To do: Except for the pictures, reproduce the records word for word.

-*-

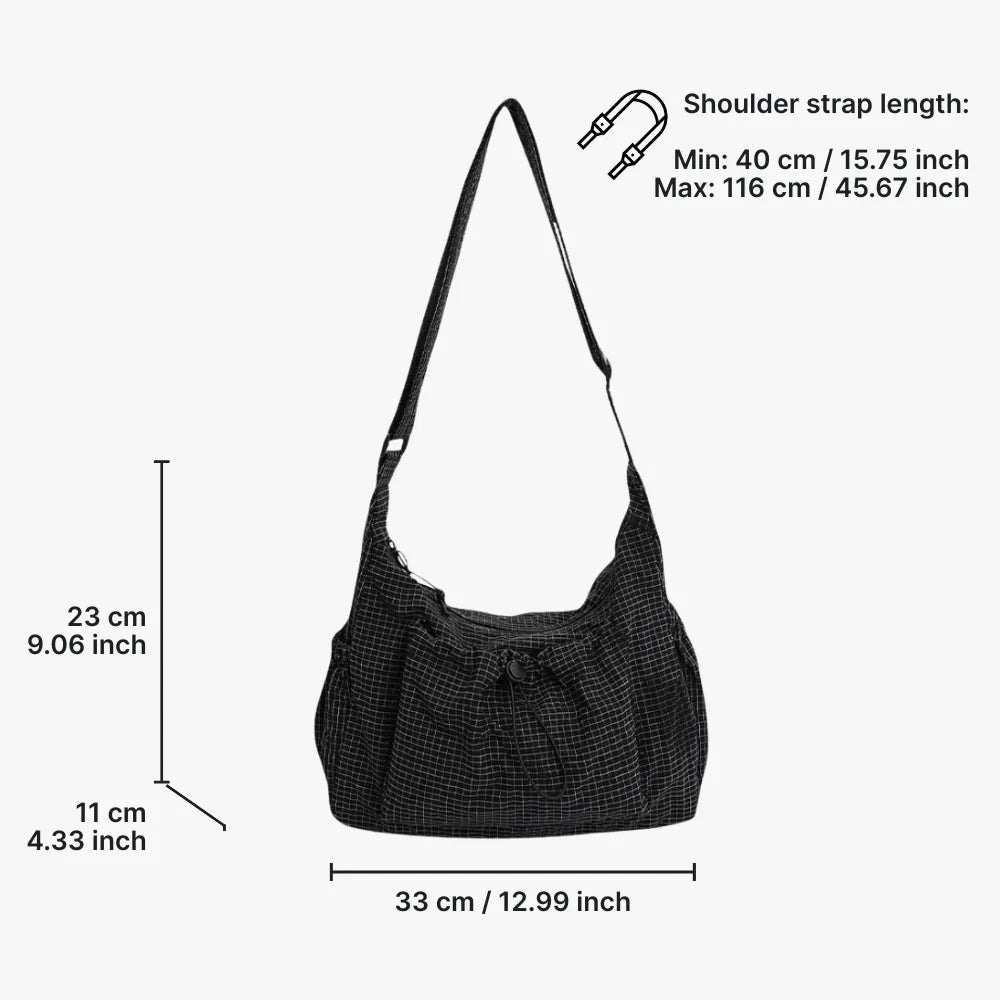 Nadine | Crossbody Bag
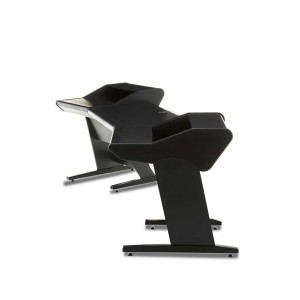 Zaor ONDA Angled - Black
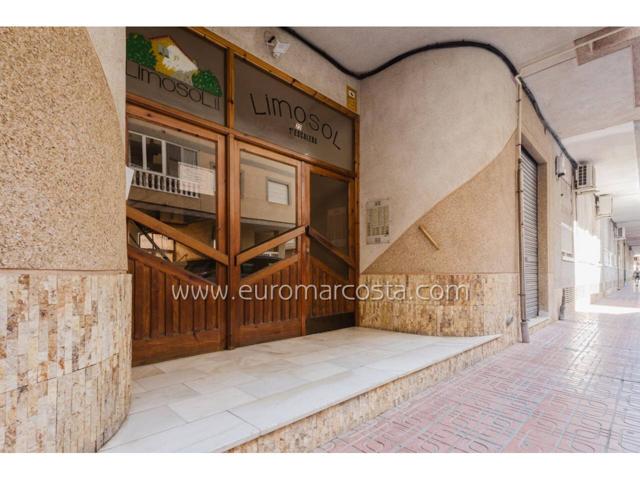 APARTAMENTO EN TORREVIEJA A PASOS DEL MAR photo 0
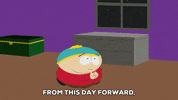 praying eric cartman GIF by South Park 
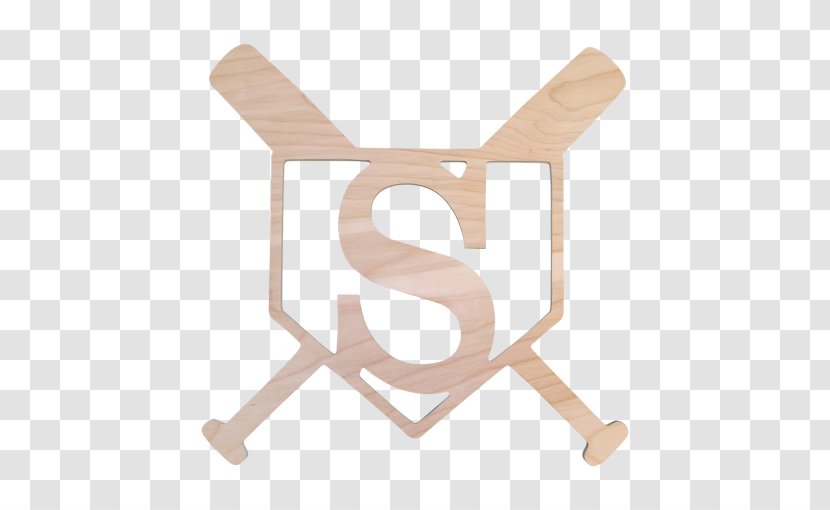 Table Monogram Initial Wood Housewarming Party Transparent PNG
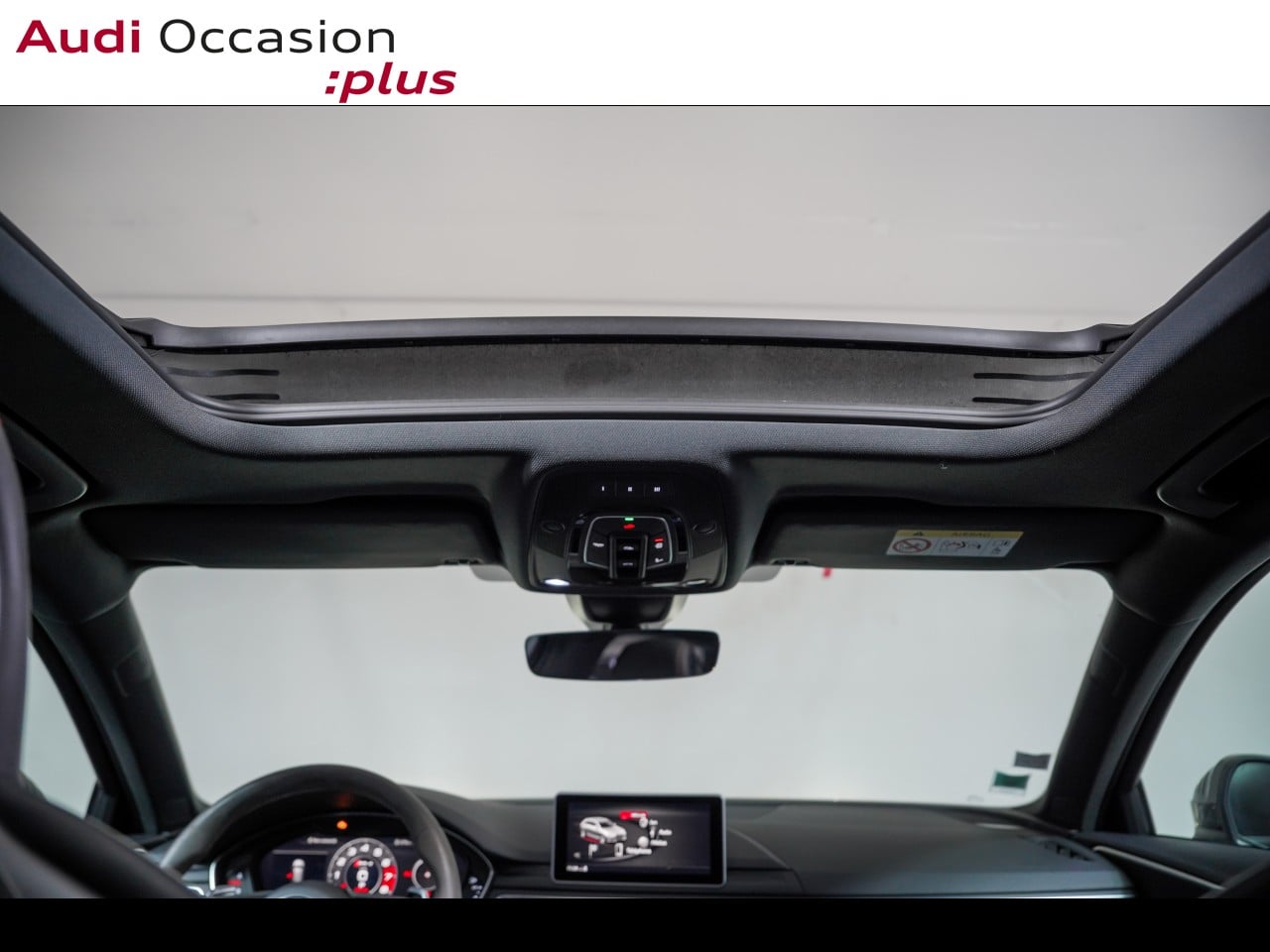 Voitures occasions Audi RS4 Avant Base Paris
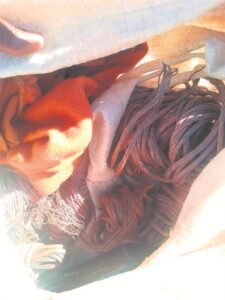 Beloning vir inligting oor vandale en misdadigers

-*-

Task response:
 Nadine | Crossbody Bag
 Zaor ONDA Angled - Black
 APARTAMENTO EN TORREVIEJA A PASOS DEL MAR photo 0
 praying eric cartman GIF by South Park 
 Table Monogram Initial Wood Housewarming Party Transparent PNG
 Voitures occasions Audi RS4 Avant Base Paris
 Beloning vir inligting oor vandale en misdadigers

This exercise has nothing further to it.